Holdout Evaluation

References

(Wikipedia, 2018) ⇒ https://en.wikipedia.org/wiki/Cross-validation_(statistics)#Holdout_method Retrieved:2018-5-15.
- In the holdout method, we randomly assign data points to two sets d₀ and d₁, usually called the training set and the test set, respectively. The size of each of the sets is arbitrary although typically the test set is smaller than the training set. We then train on d₀ and test on d₁.
  In typical cross-validation, multiple runs are aggregated together; in contrast, the holdout method, in isolation, involves a single run. While the holdout method can be framed as "the simplest kind of cross-validation", many sources instead classify holdout as a type of simple validation, rather than a simple or degenerate form of cross-validation. ^[1] ^[2]

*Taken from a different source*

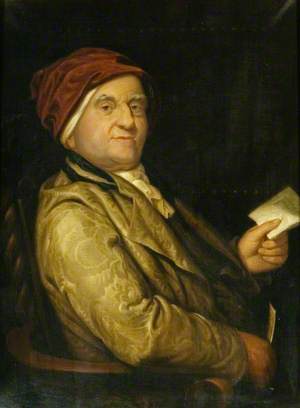Reverend Samuel Parr, LLD (1742–1825), Headmaster of Colchester Grammar School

(Sammut & Webb, 2017) ⇒ (2017) "Holdout Evaluation". In: Sammut C., Webb G.I. (eds) Encyclopedia of Machine Learning and Data Mining. Springer, Boston, MA.
- QUOTE: Holdout evaluation is an approach to out-of-sample evaluation whereby the available data are partitioned into a training set and a test set. The test set is thus out-of-sample data and is sometimes called the holdout set or holdout data. The purpose of holdout evaluation is to test a model on different data to that from which it is learned. This provides less biased estimate of learning performance than in-sample evaluation.
  In repeated holdout evaluation, repeated holdout evaluation experiments are performed, each time with a different partition of the data, to create a distribution of training and test sets with which an algorithm is assessed.

(Schneider, 1997) ⇒ Jeff Schneider (1997). “Cross Validation" In: https://www.cs.cmu.edu/~schneide/tut5/node42.html
- QUOTE: The holdout method is the simplest kind of cross validation. The data set is separated into two sets, called the training set and the testing set. The function approximator fits a function using the training set only. Then the function approximator is asked to predict the output values for the data in the testing set (it has never seen these output values before). The errors it makes are accumulated as before to give the mean absolute test set error, which is used to evaluate the model. The advantage of this method is that it is usually preferable to the residual method and takes no longer to compute. However, its evaluation can have a high variance. The evaluation may depend heavily on which data points end up in the training set and which end up in the test set, and thus the evaluation may be significantly different depending on how the division is made.

↑ Kohavi, Ron. “A study of cross-validation and bootstrap for accuracy estimation and model selection." Ijcai. Vol. 14. No. 2. 1995.
↑ Arlot, Sylvain, and Alain Celisse. “A survey of cross-validation procedures for model selection." Statistics surveys 4 (2010): 40-79. “In brief, CV consists in averaging several hold-out estimators of the risk corresponding to different data splits."